As a child of the Windrush generation, Laura felt there was a push from her family for her to achieve, but that there was also a recognition that everyone was good at different things. 

“We all have different strengths and equity is not about making everyone the same.”

She said that her family pushed her to be the best at what she did, regardless of what that was.

Cath Williams and Laura Serrant OBE talking to Catherine Jean-Baptiste. Photo taken by: University of Derby

Cath mentioned her mother as her biggest source of inspiration, explaining that her drive, ambition and purpose were what kept Cath going.

She said: “She was part of the Windrush generation. She had an unusual life because she was a single mother of 12 children.

“We didn’t need anyone else as we were such a big family – we played together and went to school together.”

Cath spoke of her experience of growing up in an environment where women were encouraged to express their opinions and debate with one another. 
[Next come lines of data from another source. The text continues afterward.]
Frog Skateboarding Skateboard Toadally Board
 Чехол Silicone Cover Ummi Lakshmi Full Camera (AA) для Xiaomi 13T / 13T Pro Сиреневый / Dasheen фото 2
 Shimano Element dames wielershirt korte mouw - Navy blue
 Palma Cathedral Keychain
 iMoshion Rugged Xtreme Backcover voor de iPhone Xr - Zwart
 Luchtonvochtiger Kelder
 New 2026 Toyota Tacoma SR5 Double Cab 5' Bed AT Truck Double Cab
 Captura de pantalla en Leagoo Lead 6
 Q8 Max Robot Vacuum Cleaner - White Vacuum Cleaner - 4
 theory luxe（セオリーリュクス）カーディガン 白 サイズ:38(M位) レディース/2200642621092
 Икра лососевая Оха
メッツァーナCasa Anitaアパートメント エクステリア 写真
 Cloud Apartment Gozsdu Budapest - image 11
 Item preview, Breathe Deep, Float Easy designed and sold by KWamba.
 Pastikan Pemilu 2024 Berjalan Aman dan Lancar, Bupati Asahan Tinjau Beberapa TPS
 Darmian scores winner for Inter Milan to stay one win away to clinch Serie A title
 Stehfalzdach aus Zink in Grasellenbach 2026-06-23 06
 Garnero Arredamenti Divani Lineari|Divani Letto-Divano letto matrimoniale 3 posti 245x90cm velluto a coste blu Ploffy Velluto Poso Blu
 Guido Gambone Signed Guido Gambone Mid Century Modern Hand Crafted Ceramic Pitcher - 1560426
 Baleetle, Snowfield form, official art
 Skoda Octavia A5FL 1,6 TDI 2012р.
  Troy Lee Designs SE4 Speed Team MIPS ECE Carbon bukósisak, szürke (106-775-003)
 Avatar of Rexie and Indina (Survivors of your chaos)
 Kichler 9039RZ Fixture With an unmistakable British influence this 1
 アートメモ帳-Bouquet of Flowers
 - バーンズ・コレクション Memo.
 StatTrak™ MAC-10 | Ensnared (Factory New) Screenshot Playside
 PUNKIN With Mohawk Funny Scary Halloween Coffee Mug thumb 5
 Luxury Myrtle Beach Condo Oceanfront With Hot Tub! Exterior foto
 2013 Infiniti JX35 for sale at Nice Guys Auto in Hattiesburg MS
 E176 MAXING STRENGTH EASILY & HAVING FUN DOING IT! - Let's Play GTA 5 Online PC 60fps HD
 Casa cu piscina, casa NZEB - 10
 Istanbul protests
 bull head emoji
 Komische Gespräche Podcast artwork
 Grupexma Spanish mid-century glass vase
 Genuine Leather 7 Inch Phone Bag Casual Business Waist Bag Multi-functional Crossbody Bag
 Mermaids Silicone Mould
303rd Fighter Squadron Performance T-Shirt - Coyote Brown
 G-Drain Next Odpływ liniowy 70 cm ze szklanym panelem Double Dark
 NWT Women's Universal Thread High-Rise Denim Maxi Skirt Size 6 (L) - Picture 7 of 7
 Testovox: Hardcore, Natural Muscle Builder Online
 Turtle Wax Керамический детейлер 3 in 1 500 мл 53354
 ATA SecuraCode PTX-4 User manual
She explained that the safety of expressing her voice in the home environment gave her the confidence to be opinionated and political outside of it. 

Both Laura and Cath also expressed their love for education at an early age. 

Laura said: “I loved learning and school because I was good at it. I was a very inquisitive child.”

She recalled taking six books from the school library each week and being particularly impacted by George Orwell’s Animal Farm. 

Reading this book made Laura realise how poverty was impacting her childhood.

She said: “Poverty was part of my world but I never knew we were poor. I just didn’t know it at the time because we were all equally poor.

“I realised that poverty had a larger impact on my upbringing than being Black.”

Cath described how her education inspired her love of writing and teaching.

She said: “When I got over the shock of getting to university I realised I was good at it, especially for a working class girl.”

She explained that her socialist upbringing and strong beliefs about equality made her want to work in a field where she could make a difference. 

Cath said her PhD is her biggest achievement, saying: “It was a real journey in terms of imposter syndrome and being in that academic space.”

Her PhD focuses on the Windrush story and particularly the separation of children from their parents.

She said: “We know the Windrush story but we don’t know the sacrifice. 

“They left behind children and when they did come back together, the relationship wasn’t always the best. They were strangers.

“The Windrush story is more complex than we ever understood.”

Laura said her biggest achievement was receiving her OBE because it represented more than just her hard work.

She said: “It is a representation for all the people in my family who never got the chance to be in that space.”

Laura describes her new book, Stories from my Mother’s House, as a semi-autobiographical “telling and retelling” of stories from her childhood home. 

The book is a collection of poems which take the reader through the rooms of Laura’s childhood house in Nottingham.

She said: “The book is about what the house meant and what it symbolises. Each chapter symbolises what that room is about.

“The last chapter is about the hallway because I left through that front door to go to university and I never again lived in that house.”

Laura concluded by saying that her book has stimulated conversations between readers and their own mothers and grandmothers about the impact that migration had on their families.